Marginal prior $p(\mu)$ of mean of a normal distribution when both mean and variance are unknown

Question

I read that if the data is normally distributed with mean $\mu$ and variance $\sigma^2$ (both unknown) then to have the joint posterior distribution $p(\mu, \sigma^2 | y)$ in closed form, one has to use a inverse gamma prior for variance $\sigma^2$ and a conditional conjugate prior for mean $\mu$. But most of the examples of implementations in books that I see are in the following way

for(i in 1:n){
    y[i]~dnorm(mu, precision)
}

mu~dnorm(0, 0.0001)
precision~dgamma(0.0001,0.0001)

Here the marginal prior $p(\mu)$ is normally distributed. Shouldn't the marginal prior $p(\mu)$ be specified to be t-distributed? so that the conditional conjugate prior of $\mu$ is normally distributed and so that the joint posterior is in closed form?

Answer 1

If you wanted to get a closed-form solution for the posterior distribution then you would use a conjugate prior, in which case $\mu$ and $\sigma^2$ would not be independent. Since you are using an MCMC algorithm to produce an approximation to the posterior distribution, there is no need to have a conjugate prior. I believe the prior in your code is intended to approximate a flat prior, $p(\mu,1/\sigma^2) \propto 1$.
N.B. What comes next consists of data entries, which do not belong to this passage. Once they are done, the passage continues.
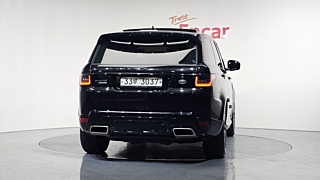 LAND ROVER RANGE ROVER SPORT 2019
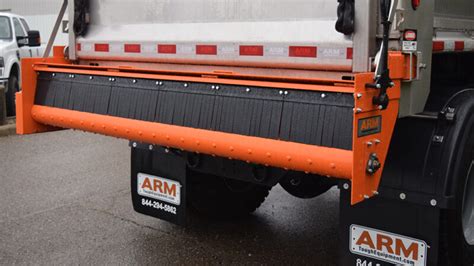 Spreaders American Road Machinery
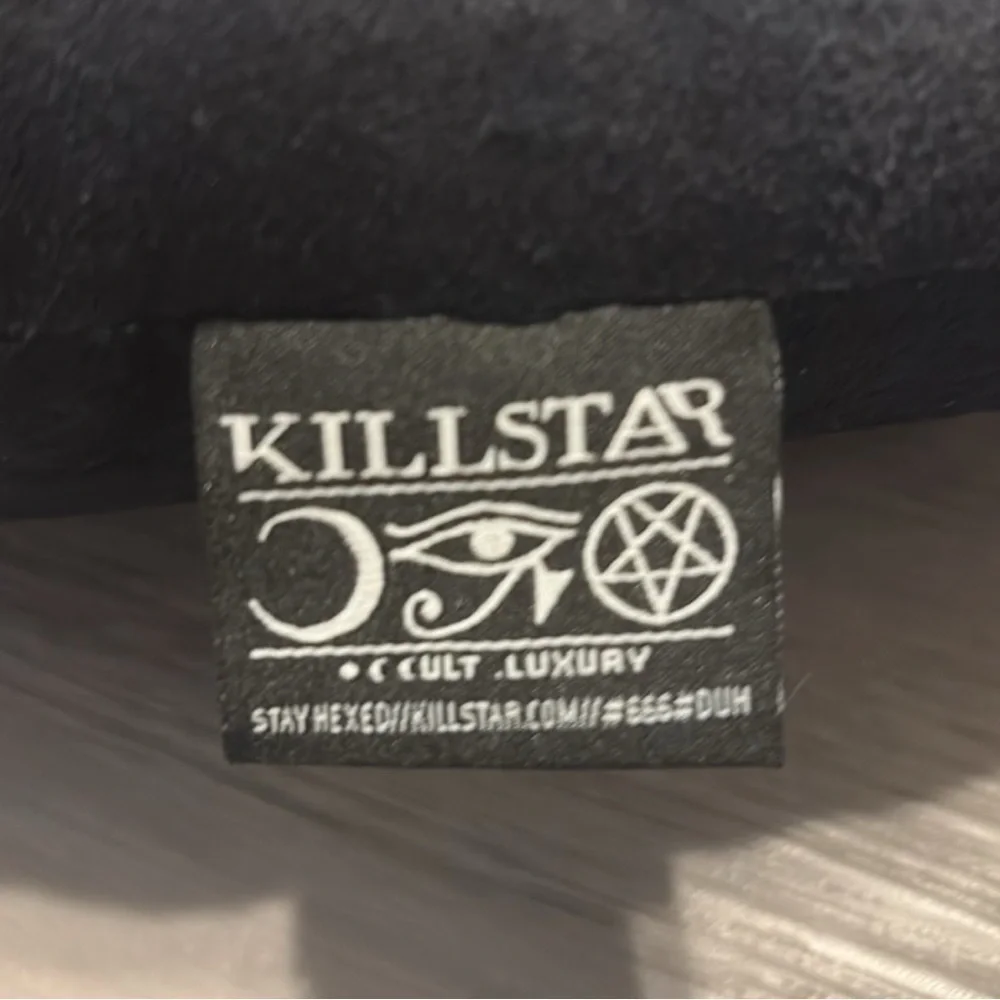 Killstar charming black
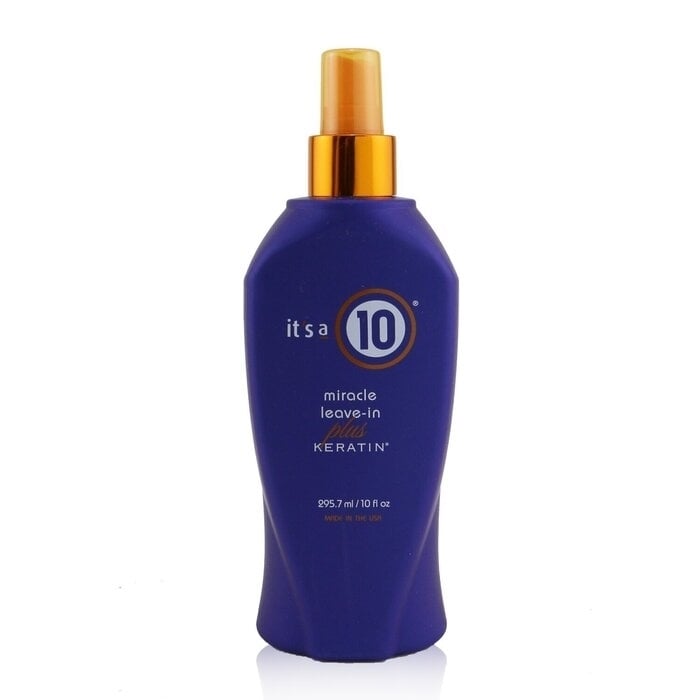 Its A 10 - Miracle Leave-In Plus Keratin(295.7ml/10oz) Image 1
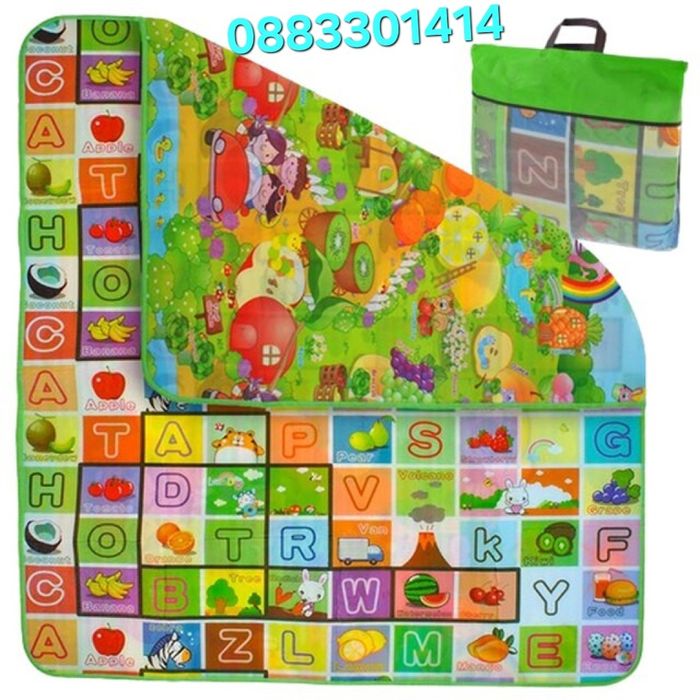 Килимче за игра Образователно 120х180см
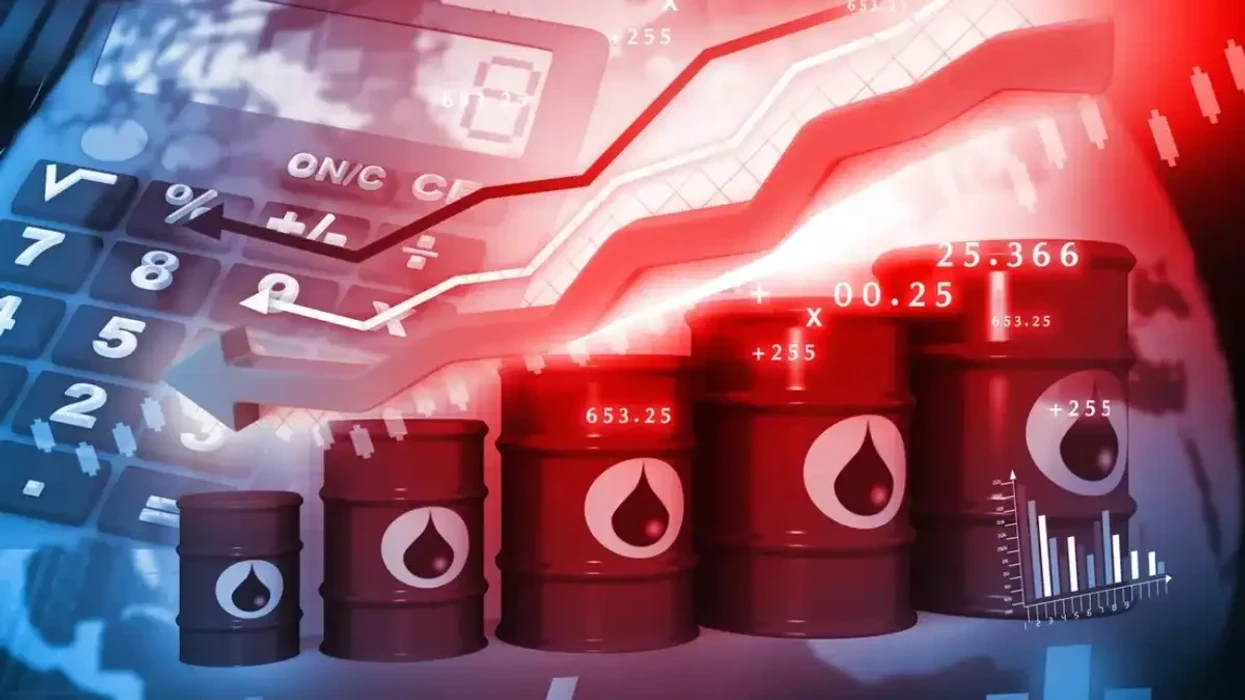 Çmimet e naftës Brent rriten mbi 125 dollarë pasi arritën një nivel të ri rekord në kohë lufte
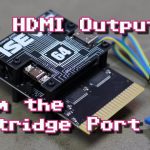 Native HDMI for C64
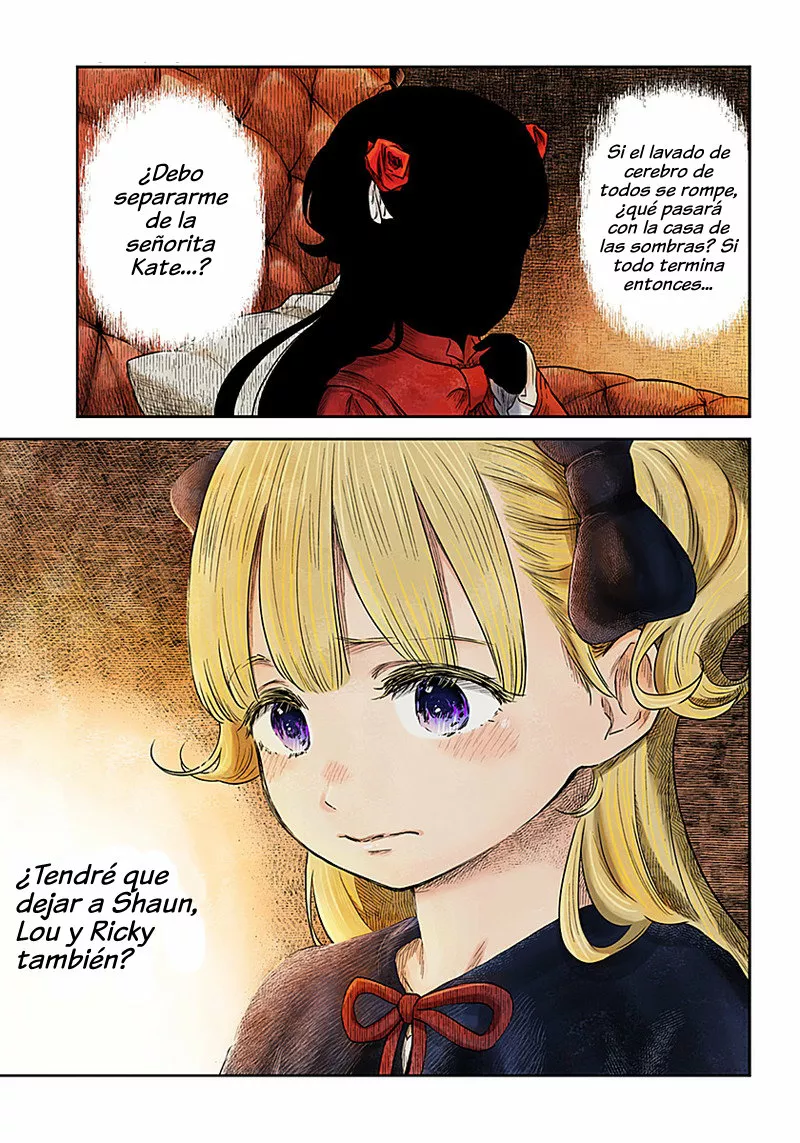 Shadows House – Digital Colored Comics Capítulo 94 - Page 18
But suppose you wanted to use an MCMC algorithm to simulate draws from the posterior using the conjugate prior just for the heck of it. Then you would write the code for the joint distribution for $(\mu,\sigma^2)$, which is not the product of the two marginal distributions. (You are correct that the marginal prior distribution for $\mu$ would be $t$.)